One thing you may not want to do with a press pot, especially a larger model, is use beans roasted less than 2 or 3 days before. What, am I crazy? Nope. There's a problem with ultra fresh beans and it is called "bloom". When beans are only a day or two off the roast, they contain heaps of Co2. Heaps of it, I tell you. That Co2 will translate into a massive bloom of brown suds on top of your press pot, possibly overflowing, but also making it easier for big particulate matter (your ground coffee) to hop and skip over the top of the filter portion when you first apply it. Bloom looks cool, but can make using a press pot more difficult.

The poor filtering part sounds questionable to me, so I googled it and found a few bloom-related comments on this blog post. It seems like some people start timing their soak time only after they see bloom.

This seems like the real reason to me. I know for sure that the air content in ground substances can vary significantly: one cup of flour can contain double the volume of another if one is loosely sifted and the other is compacted. The above quote is accurate about that in my opinion.

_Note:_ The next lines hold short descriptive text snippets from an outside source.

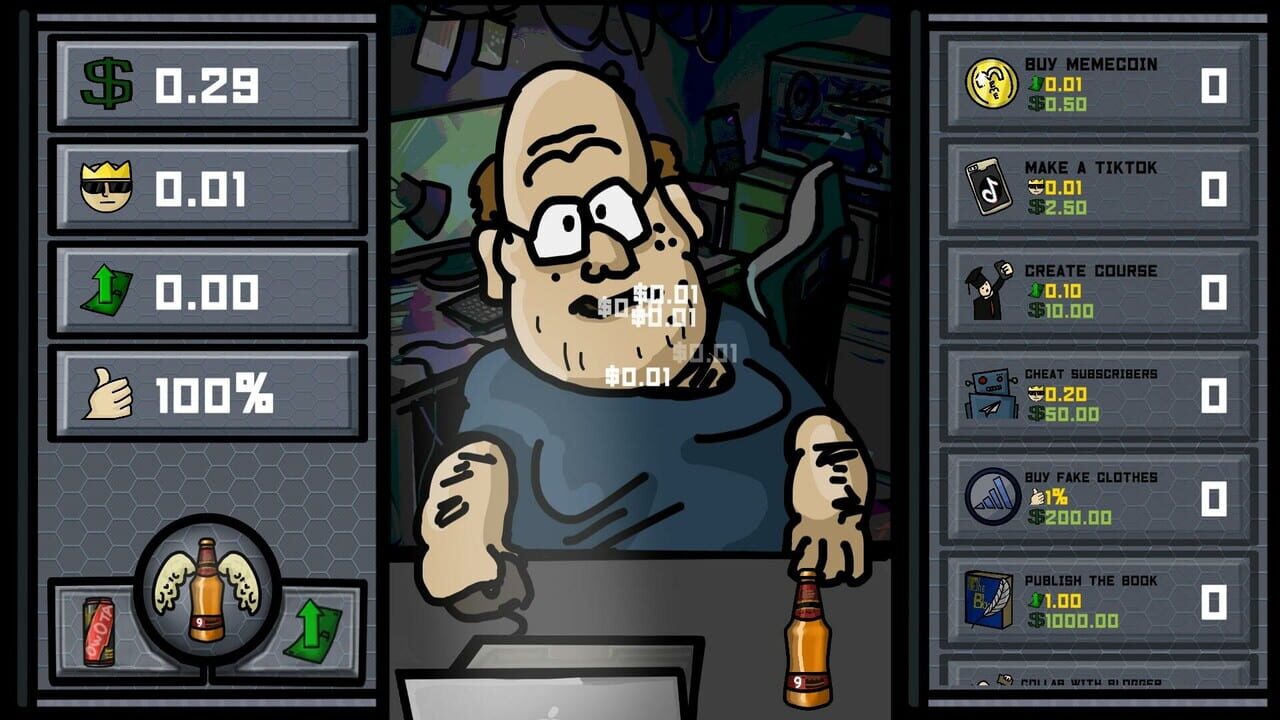 Crypto Skoof Tycoon — Screenshot 3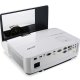 Acer U5220 videoproiettore Proiettore a raggio ultra corto 3000 ANSI lumen DLP XGA (1024x768) Compatibilità 3D Bianco 5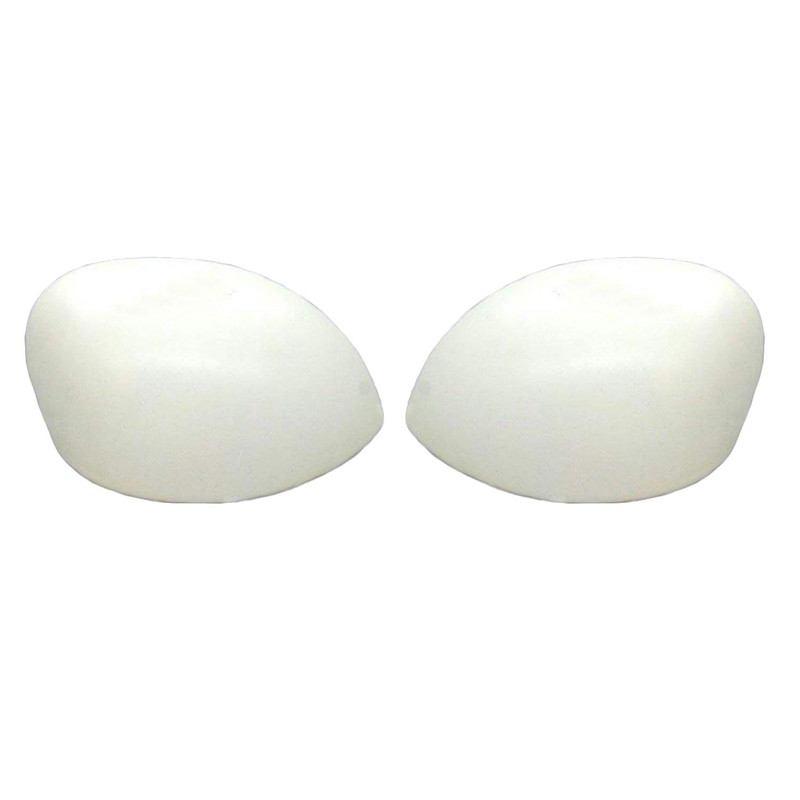 فلاپ آینه خودرو کاوج مدل WHITE LR مناسب برای پژو 206 بسته 2 عددی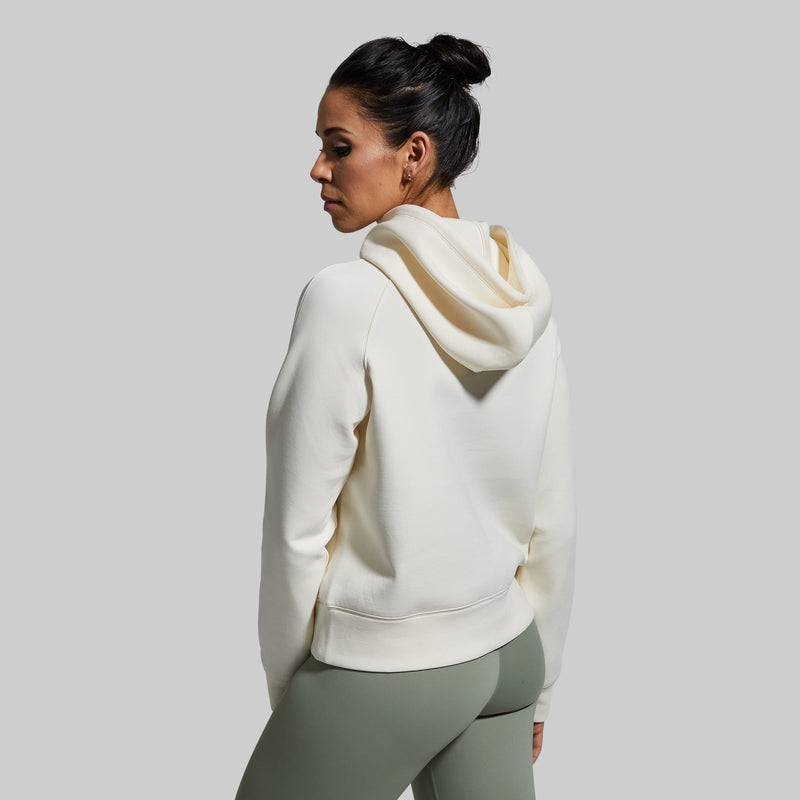 In Your Element Hoodie (Ivory)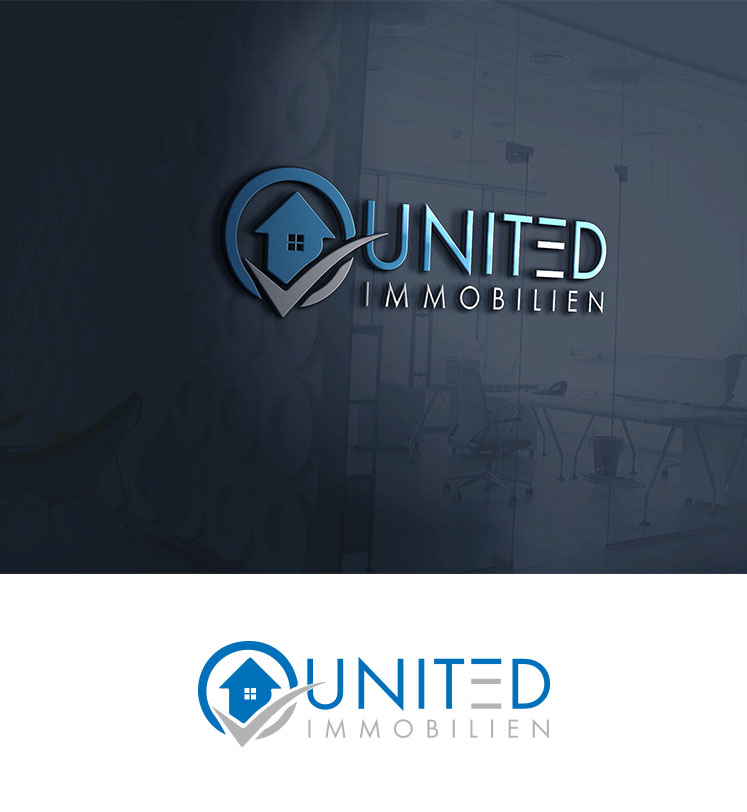 Logo-Design von Aliqa Design für United Fun GmbH | Design #24677275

Apply this logic to coffee and in order to produce an accurate, general recipe for how long some compounds take to come out of coffee grounds, you need to factor out a variable between coffee grounds: how much air is in the grindings. Maybe the first small pour will saturate with coffee compounds, or drop in temperature quickly, reducing how much it can extract from the grounds. Once it squeezes out all the air, the rest of the water is poured in to do the real extraction work.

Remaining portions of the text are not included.